By Andrew Cohen
The study of diversity and inclusion yields no easy answers, but plenty of hard work. Berkeley Law’s Culture, Diversity, & Intergroup Relations Lab is a leader in this endeavor, providing valuable insights for schools, legal institutions, nonprofits, and private companies.
Directed by Professor Victoria Plaut, the lab fosters research that confronts people’s understandings and approaches to diversity and inclusion. Its latest project targets the technology industry—which has made dubious headlines lately for gender discrimination—and why minorities are woefully underrepresented in Silicon Valley.
“We’re examining the current double bind in computer science, where women and girls of color are barely represented,” Plaut said. “Our lab is assisting a broad high school STEM program to increase this participation. We’re also partnering with Startup@BerkeleyLaw to train entrepreneurs from underrepresented groups, and we’re bolstering programs that provide venture capital firms with better research-based training on diversity, equity, and inclusion.”
Launched in 2010, the lab explores the challenges and opportunities of working, living, and learning in diverse environments. Through solicited trainings and community workshops, Plaut highlights the implications of incorporating diversity and inclusion in businesses, law schools, and other educational environments.
The lab’s interdisciplinary group of graduate students from various campus departments collectively have worked on the high school STEM initiative and launched numerous other projects. Those include the study of free speech on college campuses, pro-diversity practices that actually serve to maintain existing social hierarchies, identity and resistance to diversity, and the role of race and sexuality in social judgments.
Lab members also work individually on projects, ranging from how police conceptualize ‘suspicious behavior’ to bias against gay parents to stereotypical perceptions of human trafficking survivors and immigrants.
Making an impact
“The most rewarding part of this experience is being exposed to the numerous contexts in which our research is relevant,” said Celina Romano of Berkeley Law’s Jurisprudence and Social Policy (JSP) Program. She works in the lab with fellow JSP student Kyneshawau Hurd.
To study how people respond to racial identity and their attitudes toward diversity, lab students help conduct field and online experiments, surveys, and other research. Those efforts are coordinated by lab manager Lyndsey Wallace, an expert in gender stereotypes.
Importantly, the lab works to understand how its own research can be applied by organizations to enhance equity and inclusion. Plaut has encountered “growing demand for our work, even if sometimes there are points of resistance.” She believes that reflects a surging interest in understanding equity and inclusion and incorporating them into the cultures of courts, law firms, businesses, and schools.

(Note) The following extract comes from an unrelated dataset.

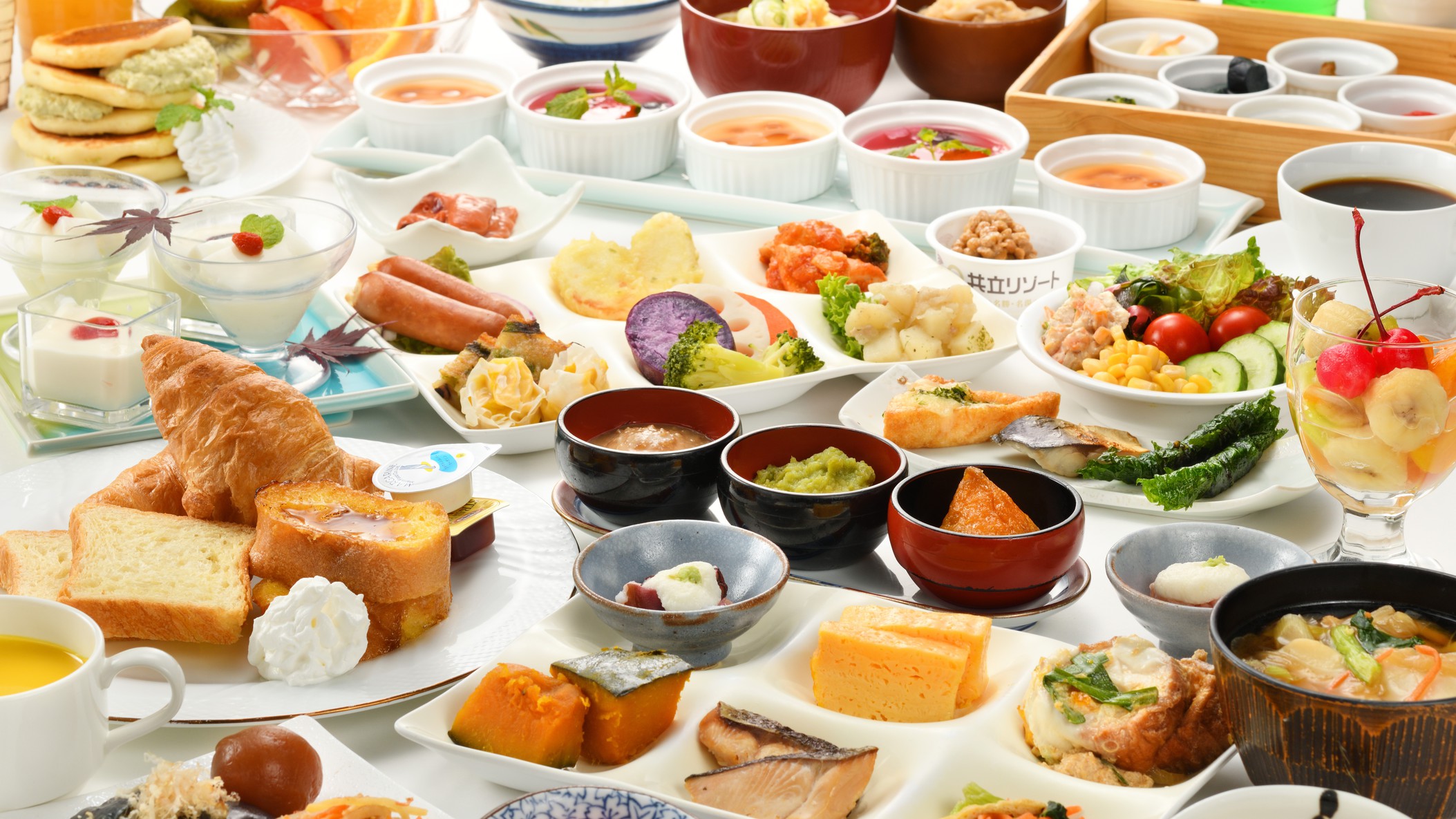 【朝食(例)】70種類以上の朝食バイキングは、地場食材を使った東北郷土料理も味わえる大満足の内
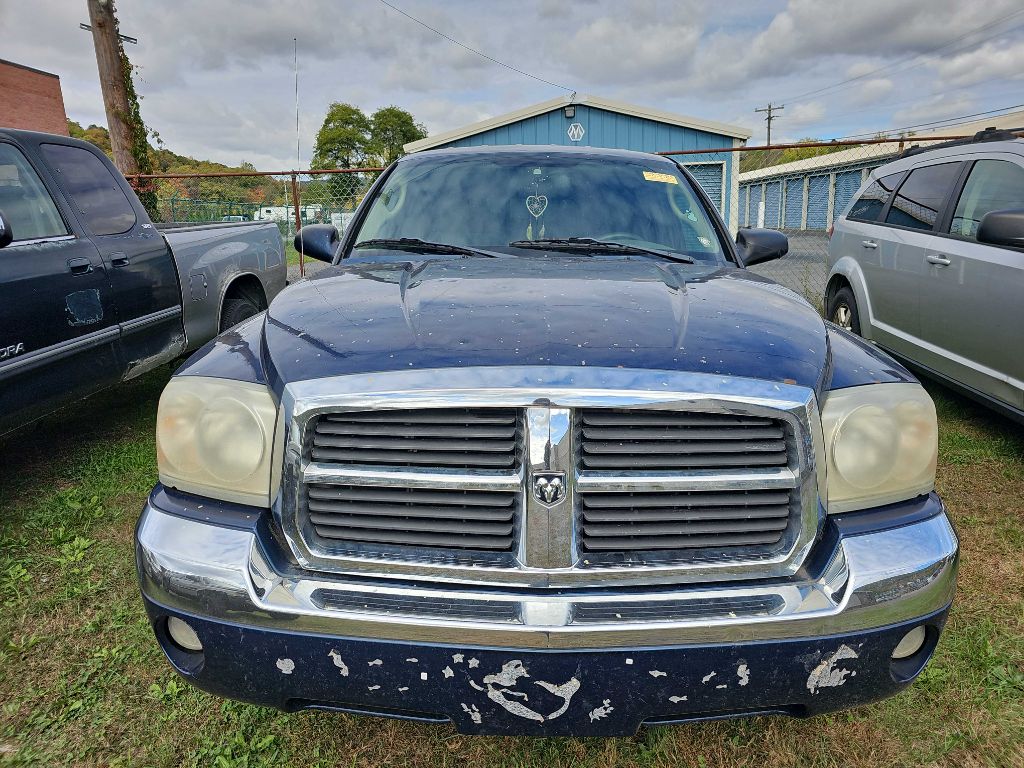 2005 DODGE DAKOTA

“Institutions are increasingly focused on attracting a diverse workforce,” Plaut said. “But they are also struggling with how to go about it, how to live up to their ideals of inclusion, as well as how to manage the very different life perspectives present in their organizations.”
The lab’s findings, however, caution against using a one-size-fits-all model. While its research shows that national culture shapes Americans’ reaction to diversity and inclusion, regional and local cultures also play a prominent role.
A focus on tech
Romano and Hurd are both on a lab team that specifically examines equity and inclusion in the technology space and startups. Although the lab has developed some general best practices for how organizations can enhance a culture of inclusivity, “there’s very little that tells us what would be successful in startups,” Plaut said. “We’re eager to explore that.”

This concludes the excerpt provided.